7 thoughts on “ANZACs in Vietnam – Steven’s Wargaming Project”

  1. A bit late to the party. I was the Intelligence Officer (first six months) and then the Adjutant of the 4RAR/NZ (Anzac) Battalion in Vietnam from May 1968 to May 1969. I arrived in Vietnam with the Battalion Advance Party in early May 1968 and after a few days was detached to the Headquarters of the US 1st Infantry Division (The Big Red One) as the 1 ATF liaison officer. The US 1st Division was in a Tactical Area of Responsibility (TAOR) adjacent to the 1 ATF and provided artillery support to the 1 ATF units for the Coral/Balmoral fighting.
    The three 4 RAR rifle companies were B, C and D. The Major commanding A Company was selected for Staff College and the D Company commander was not prepared to have his company re-titled to A Company. Despite five Rifle Companies in the Battalion, the Anzac Battalion always operated as four Rifle Companies in the field. The fifth Rifle Company on rotation garrisoned the outlying Horseshoe feature east of the Nui Dat base.
    I recommend you look at the digital copy of the 4 RAR/NZ (Anzac) War Diary on the Australian War Memorial website if you are interested in the details of V and W Companies activities. In 1968-69 the Kiwis always submitted comprehensive After Action Reports. As the IO I was always chasing up the Australian Companies to submit their repots.
    Yes. I am an old, old soldier.

    • Jim, thanks very much for popping in. This is great context.
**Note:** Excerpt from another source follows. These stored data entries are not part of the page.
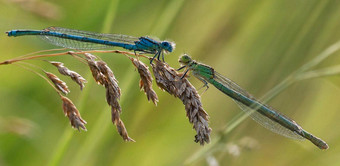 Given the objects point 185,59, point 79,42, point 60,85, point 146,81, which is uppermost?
point 185,59

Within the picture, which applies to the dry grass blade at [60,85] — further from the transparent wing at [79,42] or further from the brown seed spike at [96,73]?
the transparent wing at [79,42]

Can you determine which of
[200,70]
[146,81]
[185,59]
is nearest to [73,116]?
[146,81]

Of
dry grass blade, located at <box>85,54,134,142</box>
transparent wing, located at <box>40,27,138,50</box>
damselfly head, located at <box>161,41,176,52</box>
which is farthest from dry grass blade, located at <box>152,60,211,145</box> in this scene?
damselfly head, located at <box>161,41,176,52</box>

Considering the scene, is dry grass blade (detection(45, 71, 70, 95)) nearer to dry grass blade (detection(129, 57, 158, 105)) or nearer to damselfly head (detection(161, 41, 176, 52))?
dry grass blade (detection(129, 57, 158, 105))

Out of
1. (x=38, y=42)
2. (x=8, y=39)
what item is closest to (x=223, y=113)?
(x=38, y=42)

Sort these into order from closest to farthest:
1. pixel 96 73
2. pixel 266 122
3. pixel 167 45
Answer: pixel 96 73 < pixel 167 45 < pixel 266 122

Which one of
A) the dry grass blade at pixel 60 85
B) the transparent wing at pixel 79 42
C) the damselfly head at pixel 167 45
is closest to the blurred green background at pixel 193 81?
the damselfly head at pixel 167 45

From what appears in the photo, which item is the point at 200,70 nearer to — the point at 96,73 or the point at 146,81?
the point at 146,81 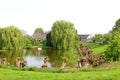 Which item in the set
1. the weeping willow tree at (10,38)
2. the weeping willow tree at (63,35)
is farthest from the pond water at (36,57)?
the weeping willow tree at (63,35)

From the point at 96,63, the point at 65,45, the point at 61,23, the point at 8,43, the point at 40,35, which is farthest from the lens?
the point at 40,35

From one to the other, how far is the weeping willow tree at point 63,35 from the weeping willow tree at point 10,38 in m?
10.5

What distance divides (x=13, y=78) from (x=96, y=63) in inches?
556

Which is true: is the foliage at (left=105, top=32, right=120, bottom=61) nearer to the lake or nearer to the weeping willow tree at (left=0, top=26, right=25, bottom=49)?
the lake

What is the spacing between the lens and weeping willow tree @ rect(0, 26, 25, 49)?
250 ft

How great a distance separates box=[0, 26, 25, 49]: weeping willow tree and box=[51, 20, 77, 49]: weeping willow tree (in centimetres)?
1047

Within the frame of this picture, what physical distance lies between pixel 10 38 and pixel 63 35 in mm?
15908

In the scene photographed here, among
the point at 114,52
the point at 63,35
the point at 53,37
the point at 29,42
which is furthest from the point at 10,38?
the point at 114,52

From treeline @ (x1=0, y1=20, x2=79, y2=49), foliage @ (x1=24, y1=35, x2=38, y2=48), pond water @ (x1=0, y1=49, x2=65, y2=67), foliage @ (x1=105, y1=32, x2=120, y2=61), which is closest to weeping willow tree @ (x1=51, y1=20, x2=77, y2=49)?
treeline @ (x1=0, y1=20, x2=79, y2=49)

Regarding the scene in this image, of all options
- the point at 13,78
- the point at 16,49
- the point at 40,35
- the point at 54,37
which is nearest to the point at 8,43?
the point at 16,49

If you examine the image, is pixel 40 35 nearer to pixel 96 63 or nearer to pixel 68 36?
pixel 68 36

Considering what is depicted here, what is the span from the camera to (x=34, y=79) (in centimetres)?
1352

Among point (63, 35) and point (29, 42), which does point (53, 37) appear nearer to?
point (63, 35)

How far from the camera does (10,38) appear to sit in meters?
76.6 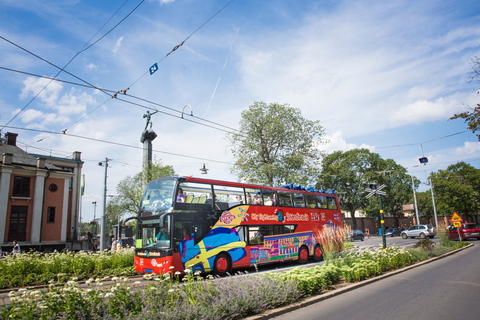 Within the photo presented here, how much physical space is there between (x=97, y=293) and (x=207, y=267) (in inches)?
264

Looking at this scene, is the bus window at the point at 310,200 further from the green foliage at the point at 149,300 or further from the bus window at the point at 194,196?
the green foliage at the point at 149,300

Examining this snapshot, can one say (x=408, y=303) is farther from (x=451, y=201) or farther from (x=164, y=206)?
(x=451, y=201)

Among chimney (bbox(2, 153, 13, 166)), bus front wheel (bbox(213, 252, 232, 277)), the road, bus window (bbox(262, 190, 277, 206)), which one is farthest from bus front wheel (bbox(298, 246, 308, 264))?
chimney (bbox(2, 153, 13, 166))

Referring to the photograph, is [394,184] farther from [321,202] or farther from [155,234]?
[155,234]

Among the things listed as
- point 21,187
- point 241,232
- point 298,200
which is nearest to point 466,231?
point 298,200

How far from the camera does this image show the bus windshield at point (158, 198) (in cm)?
1130

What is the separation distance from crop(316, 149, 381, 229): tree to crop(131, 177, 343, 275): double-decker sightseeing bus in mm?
37916

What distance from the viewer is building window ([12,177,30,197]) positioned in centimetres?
2811

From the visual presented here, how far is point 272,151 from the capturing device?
31547 mm

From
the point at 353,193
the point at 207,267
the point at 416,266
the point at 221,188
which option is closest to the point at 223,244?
the point at 207,267

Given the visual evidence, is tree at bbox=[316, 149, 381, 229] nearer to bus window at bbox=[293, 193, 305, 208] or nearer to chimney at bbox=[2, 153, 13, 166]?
bus window at bbox=[293, 193, 305, 208]

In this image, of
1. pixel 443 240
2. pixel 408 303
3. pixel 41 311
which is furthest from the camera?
pixel 443 240

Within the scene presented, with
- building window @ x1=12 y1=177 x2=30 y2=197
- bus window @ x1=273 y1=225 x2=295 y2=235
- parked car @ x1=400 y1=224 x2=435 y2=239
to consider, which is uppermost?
building window @ x1=12 y1=177 x2=30 y2=197

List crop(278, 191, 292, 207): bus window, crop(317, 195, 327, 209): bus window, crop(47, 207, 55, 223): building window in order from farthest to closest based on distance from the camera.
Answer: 1. crop(47, 207, 55, 223): building window
2. crop(317, 195, 327, 209): bus window
3. crop(278, 191, 292, 207): bus window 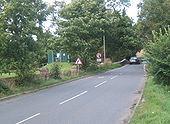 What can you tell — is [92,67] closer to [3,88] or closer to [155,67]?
[155,67]

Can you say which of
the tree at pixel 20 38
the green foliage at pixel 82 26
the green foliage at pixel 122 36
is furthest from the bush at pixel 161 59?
the green foliage at pixel 122 36

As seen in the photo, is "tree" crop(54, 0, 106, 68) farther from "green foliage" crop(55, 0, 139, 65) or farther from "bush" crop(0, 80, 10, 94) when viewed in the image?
"bush" crop(0, 80, 10, 94)

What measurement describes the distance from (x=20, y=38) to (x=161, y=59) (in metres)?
9.01

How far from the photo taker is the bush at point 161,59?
15.9 metres

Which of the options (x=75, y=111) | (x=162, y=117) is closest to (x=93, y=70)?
(x=75, y=111)

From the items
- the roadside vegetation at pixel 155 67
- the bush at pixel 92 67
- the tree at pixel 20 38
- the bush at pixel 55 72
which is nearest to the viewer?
the roadside vegetation at pixel 155 67

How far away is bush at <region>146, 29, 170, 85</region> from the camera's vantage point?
15.9 meters

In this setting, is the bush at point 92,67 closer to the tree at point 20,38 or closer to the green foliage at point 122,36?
the green foliage at point 122,36

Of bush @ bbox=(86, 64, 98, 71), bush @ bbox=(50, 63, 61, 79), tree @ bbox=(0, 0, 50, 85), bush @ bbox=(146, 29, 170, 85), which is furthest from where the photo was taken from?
bush @ bbox=(86, 64, 98, 71)

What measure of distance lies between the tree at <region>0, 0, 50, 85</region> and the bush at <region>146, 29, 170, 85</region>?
7949 millimetres

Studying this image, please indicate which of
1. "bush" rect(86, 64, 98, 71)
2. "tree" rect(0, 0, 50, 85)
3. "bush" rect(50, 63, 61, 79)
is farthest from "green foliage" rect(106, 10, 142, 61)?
"tree" rect(0, 0, 50, 85)

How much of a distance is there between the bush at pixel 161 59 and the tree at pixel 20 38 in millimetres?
7949

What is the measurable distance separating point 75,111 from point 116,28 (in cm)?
3733

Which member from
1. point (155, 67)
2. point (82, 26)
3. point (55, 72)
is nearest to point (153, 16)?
point (82, 26) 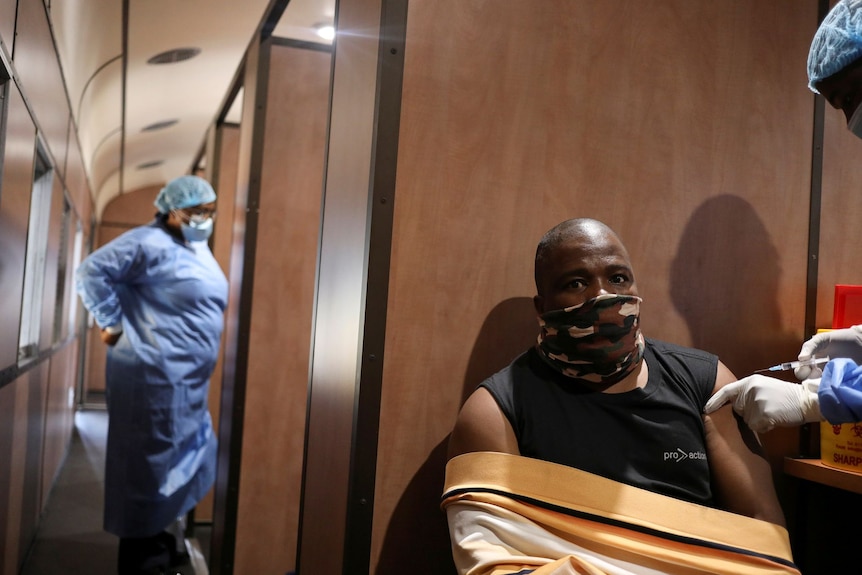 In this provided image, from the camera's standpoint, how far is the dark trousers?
3.52m

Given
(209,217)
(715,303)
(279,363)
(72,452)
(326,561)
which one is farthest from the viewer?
(72,452)

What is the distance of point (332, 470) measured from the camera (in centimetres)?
197

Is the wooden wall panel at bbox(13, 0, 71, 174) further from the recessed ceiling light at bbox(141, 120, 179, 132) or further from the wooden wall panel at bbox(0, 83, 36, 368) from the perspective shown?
the recessed ceiling light at bbox(141, 120, 179, 132)

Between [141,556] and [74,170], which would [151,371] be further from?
[74,170]

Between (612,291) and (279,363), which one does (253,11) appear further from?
(612,291)

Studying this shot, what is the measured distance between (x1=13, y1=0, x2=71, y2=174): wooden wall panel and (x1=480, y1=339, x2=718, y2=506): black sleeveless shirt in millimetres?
1888

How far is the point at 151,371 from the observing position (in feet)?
11.7

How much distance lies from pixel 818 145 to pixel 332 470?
1.57 m

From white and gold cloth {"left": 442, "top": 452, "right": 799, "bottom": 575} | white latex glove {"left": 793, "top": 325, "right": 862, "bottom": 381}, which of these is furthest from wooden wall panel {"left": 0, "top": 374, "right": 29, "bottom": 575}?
white latex glove {"left": 793, "top": 325, "right": 862, "bottom": 381}

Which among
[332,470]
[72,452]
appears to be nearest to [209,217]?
[332,470]

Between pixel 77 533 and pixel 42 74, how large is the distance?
2.44m

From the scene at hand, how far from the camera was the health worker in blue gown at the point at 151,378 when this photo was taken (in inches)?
139

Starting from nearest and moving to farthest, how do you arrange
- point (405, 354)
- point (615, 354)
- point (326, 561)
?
point (615, 354) → point (405, 354) → point (326, 561)

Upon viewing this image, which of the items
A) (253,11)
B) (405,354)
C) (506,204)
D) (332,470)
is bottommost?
(332,470) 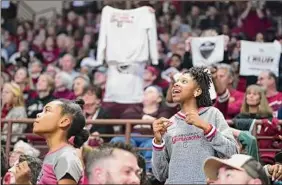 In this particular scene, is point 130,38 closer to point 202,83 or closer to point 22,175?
point 202,83

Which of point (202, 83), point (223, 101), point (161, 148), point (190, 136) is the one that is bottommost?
point (223, 101)

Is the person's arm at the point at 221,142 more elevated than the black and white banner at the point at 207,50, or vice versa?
the person's arm at the point at 221,142

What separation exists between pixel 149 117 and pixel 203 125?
3.79 m

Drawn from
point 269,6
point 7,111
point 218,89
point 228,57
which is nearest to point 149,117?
point 218,89

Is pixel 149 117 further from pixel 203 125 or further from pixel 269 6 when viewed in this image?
pixel 269 6

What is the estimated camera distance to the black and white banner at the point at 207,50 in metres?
12.2

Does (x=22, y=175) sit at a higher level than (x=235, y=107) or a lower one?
higher

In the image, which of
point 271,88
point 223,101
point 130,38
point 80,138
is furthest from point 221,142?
point 130,38

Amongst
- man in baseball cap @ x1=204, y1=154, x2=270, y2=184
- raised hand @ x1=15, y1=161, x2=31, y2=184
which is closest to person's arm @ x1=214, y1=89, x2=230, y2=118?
man in baseball cap @ x1=204, y1=154, x2=270, y2=184

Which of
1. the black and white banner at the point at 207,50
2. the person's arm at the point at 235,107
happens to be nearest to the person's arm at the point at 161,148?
the person's arm at the point at 235,107

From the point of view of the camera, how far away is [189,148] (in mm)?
6684

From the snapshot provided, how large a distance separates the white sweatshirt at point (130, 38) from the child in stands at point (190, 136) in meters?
5.59

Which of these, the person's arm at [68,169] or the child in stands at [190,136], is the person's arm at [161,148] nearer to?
the child in stands at [190,136]

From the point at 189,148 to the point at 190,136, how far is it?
10 cm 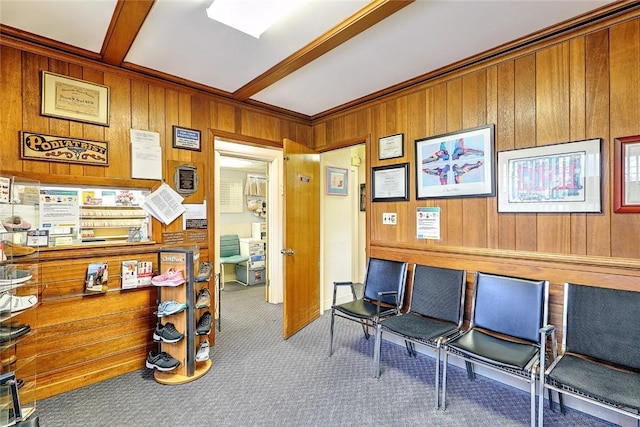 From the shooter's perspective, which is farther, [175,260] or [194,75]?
[194,75]

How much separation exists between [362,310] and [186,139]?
2205 mm

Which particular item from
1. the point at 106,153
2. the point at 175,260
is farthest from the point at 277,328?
the point at 106,153


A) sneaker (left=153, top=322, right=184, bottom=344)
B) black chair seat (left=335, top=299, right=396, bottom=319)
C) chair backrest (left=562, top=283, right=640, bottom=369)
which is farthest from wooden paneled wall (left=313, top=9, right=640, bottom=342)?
sneaker (left=153, top=322, right=184, bottom=344)

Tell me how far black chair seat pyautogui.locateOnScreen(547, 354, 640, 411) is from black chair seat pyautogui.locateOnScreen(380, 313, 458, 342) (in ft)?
2.19

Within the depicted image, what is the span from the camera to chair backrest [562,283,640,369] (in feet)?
5.61

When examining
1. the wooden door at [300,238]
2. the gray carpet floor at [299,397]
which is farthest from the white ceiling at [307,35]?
the gray carpet floor at [299,397]

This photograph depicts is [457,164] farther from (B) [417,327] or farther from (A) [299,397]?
(A) [299,397]

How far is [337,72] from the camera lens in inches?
102

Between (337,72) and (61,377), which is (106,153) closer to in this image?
(61,377)

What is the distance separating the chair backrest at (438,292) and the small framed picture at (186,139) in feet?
7.56

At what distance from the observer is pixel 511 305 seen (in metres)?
2.13

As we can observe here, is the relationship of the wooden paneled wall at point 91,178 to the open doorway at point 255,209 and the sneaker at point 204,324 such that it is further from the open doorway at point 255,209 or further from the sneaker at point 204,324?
the open doorway at point 255,209

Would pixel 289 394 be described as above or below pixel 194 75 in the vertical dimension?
below

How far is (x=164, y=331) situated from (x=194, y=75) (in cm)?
212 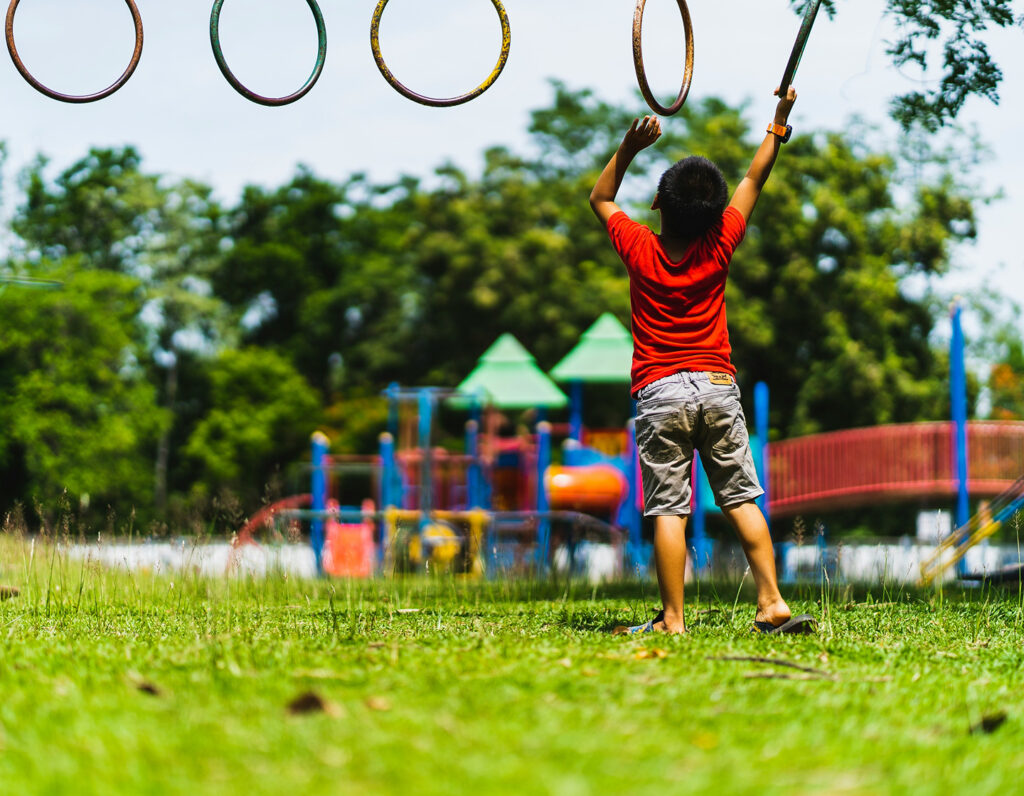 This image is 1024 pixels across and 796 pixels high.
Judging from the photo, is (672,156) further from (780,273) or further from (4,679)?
(4,679)

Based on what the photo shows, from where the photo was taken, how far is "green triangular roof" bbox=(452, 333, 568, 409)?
22938 mm

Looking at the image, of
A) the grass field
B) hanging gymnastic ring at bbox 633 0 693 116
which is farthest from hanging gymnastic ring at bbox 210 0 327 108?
the grass field

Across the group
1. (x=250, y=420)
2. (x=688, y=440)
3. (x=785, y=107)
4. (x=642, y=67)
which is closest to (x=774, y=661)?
(x=688, y=440)

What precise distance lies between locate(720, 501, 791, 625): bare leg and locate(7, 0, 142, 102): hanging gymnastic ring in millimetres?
4263

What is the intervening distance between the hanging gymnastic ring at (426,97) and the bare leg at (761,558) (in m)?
3.03

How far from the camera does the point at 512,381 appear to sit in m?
23.6

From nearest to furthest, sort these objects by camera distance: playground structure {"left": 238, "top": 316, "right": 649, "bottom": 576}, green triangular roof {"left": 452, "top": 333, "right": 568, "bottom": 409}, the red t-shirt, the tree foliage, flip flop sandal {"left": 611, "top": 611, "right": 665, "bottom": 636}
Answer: flip flop sandal {"left": 611, "top": 611, "right": 665, "bottom": 636}, the red t-shirt, playground structure {"left": 238, "top": 316, "right": 649, "bottom": 576}, green triangular roof {"left": 452, "top": 333, "right": 568, "bottom": 409}, the tree foliage

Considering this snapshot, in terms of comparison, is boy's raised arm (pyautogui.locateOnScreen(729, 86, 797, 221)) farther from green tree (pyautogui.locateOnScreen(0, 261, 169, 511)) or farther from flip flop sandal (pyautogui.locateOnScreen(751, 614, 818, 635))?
green tree (pyautogui.locateOnScreen(0, 261, 169, 511))

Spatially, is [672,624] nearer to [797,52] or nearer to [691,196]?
[691,196]

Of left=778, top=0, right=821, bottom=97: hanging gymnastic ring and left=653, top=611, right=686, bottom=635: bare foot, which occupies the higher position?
left=778, top=0, right=821, bottom=97: hanging gymnastic ring

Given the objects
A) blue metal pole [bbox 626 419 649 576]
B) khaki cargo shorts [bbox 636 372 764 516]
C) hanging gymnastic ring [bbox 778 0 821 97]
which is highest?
hanging gymnastic ring [bbox 778 0 821 97]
And I will look up the 4 RAR/NZ (Anzac) War Diary.

  2. Chris,

    I can’t recall meeting Don Kenning. Our Direct Support Battery was 104 Battery Royal Regiment of Australian Artillery. The Battery Commander was Major Mike Crawford. He was collocated with Battalion Headquarters .Command Post. I can recall a few of our Kiwi members. The Battalion 2IC was Major Mataira MBE. Victor
    Company OC was Major M. J. Hall. Whiskey 1 Company was commanded by Major P. Hoetop. Whiskey 2 Company was commanded by Major I. Williams.. Our Padre was a New Zealander – Chaplain Vercoe. I met him again at a Battalion Re-union at Rotorua about 15 years ago. He was then the Anglican Arch-Bishop of New Zealand. One of the best Battalion Re-unions ever! There has been a book written about our year as the Anzac Battalion. It is “In the Anzac Spirit” by Lt Col Brian Avery who was the Mortar Platoon commander in Vietnam. It is out of print but second hand copies sometimes become available on Abe Books. We were not the first 4th Anzac Battalion. That honour went to the 4th Anzac Battalion of the Imperial Camel Corps (1916-18).

  3. Great stuff. I was in Vietnam in 1966 with 103 Bty 1st Fd Regt as a Bty surveyor and in 1971 commanding Centurion 4C, “Iron Outlaw,” in C Sqn 1st Armd Regt from Jan though to May. A commander’s hatch fell on my left hand and broke 3 fingers, that was me out. Incidentally, that tank, hull number 169108, is now at the AWM’s Treloar Centre in Canberra. I took my grandsons to see it but we were not allowed on it due to the OH&S nanny state fun police which contrasted with myself and a bunch of kids in Russia climbing all over a Border Guards BTR-80 APC. The kids also climbed on every other AFV they could get at, except memorials.